Is there a reason to rename src to something less generic? The file layout and build system could use some work — I'm a little embarrassed by the cobbled-together Makefile system — but I can't think of a reason to rename that directory (instead of, say, removing it and include and moving the sources up a level).
I only have pip 1.4.1, and Fedora is usually fairly up-to-date. Can we add a setup.py to the root of the repository that indirects to the wrappers directory to avoid the hard dependency on 1.5? I'm afraid I'm still pretty unfamiliar with Python packaging. And just to clarify, is 1.5 only required at packaging time for PyPI? Or is it also required by end-users?
Thanks! Conrad
I've used a few python modules that compile C extensions in them and they usually don't require individual steps by the developer, which is what I think should be aimed for here. Supporting make [install] would still be very nice -- especially if there's going to be a C lib built alongside the python wrapper.

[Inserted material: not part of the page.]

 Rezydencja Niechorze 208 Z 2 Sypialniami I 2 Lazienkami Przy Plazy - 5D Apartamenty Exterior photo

The Cython documentation covers distributing Cython modules and it suggests that you distribute the C code such that you don't require Cython to compile the python module. That should make setup a little more straight-forward. Otherwise, setuptools supports an setup_requires directive which might run before building extensions (I've never tried) and offer a way to ensure Cython is installed prior to building.

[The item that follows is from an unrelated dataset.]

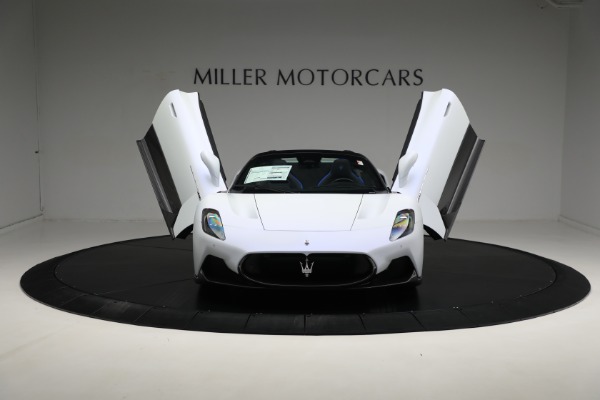 New 2023 Maserati MC20 Cielo for sale Sold at Maserati of Greenwich in Greenwich CT 06830 25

For repository organisation: swings and roundabouts. I'd be tempted to go for something like /src/{python/hadoofus,c/{hdfs,hadoofus}}/ and then reference everything from top-level Makefile and setup.py files -- the former for installing the C extensions and libraries, the latter for installing the python module (including compiling the hadoofus extension, if necessary). I've had a dig around Github search for some neat examples of projects compiling Cython modules and not come up with anything great.
(Updated: new setup.py merged in #14 tackles some of these ideas)
Hm. If we actually cut tarballs, it might be reasonable to embed pre-Cythonified hadoofus.c. But I'm opposed to checking in generated code. The broad shape of everything you've said sounds good.
What's the issue you've had with the dynamic library or linking?